Core Simulation Engine (transaction_gen.rs)

Summary

The transaction_gen.rs module is the primary logic engine of RiskFabric. It is responsible for simulating the financial lifecycle of every card in the system over a specified lookback period (default 365 days). It transforms static entity data into a high-fidelity stream of behavioral events, incorporating spatial realism, temporal patterns, and adversarial mutations in a single execution pass.

Architectural Decisions

The engine uses a One-Pass Parallel Architecture. By using rayon to iterate over cards, all logic—including merchant selection, timestamp generation, amount calculation, and fraud injection—occurs within a single parallelized loop. This eliminates the need for multi-pass joins and is a key factor in the project's performance.

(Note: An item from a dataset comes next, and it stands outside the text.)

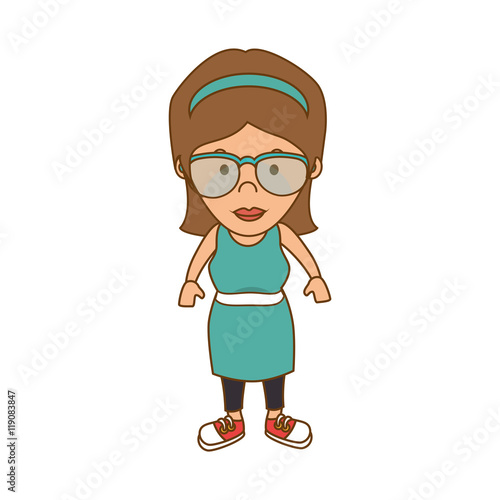 girl wearing glasses hipster fashion lifestyle vector illustration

For spatial realism, the system implements a Hierarchical Selection Strategy using H3 indices. Merchants are selected based on a probabilistic proximity model: 80% are "super-local" (Res 6), 15% are "district-level" (Res 4), 3% are "state-level," and 2% are "global." This creates realistic spending clusters around a customer's home while allowing for occasional travel or remote spending.

To ensure reproducibility, Deterministic Seeding is used at the card level. Every card's random number generator is seeded with a combination of the global seed, a salt, and a hash of the card ID. This ensures that a specific card will always generate the exact same transaction history across different runs, provided the global configuration remains unchanged.

System Integration

This engine is the central utility consumed by both the Batch Generator (generate.rs) and the Streaming Generator (stream.rs). It acts as a pure function that takes configuration, spatial indices, and entity maps as input and produces vectors of Transaction and FraudMetadata as output.

Known Issues

Timestamp generation is implemented by sorting a local vector of dates for each card. While this ensures that transactions are chronologically ordered per card, it does not guarantee a global chronological order across the entire dataset during batch generation. ClickHouse is currently used to perform the final global sort.

Additionally, the spatial distribution weights (80/15/3/2) are hardcoded directly into the logic. Moving these to transaction_config.yaml would allow users to simulate different mobility profiles—for example, a "commuter" population would require a higher Res 4 weight compared to a "rural" population.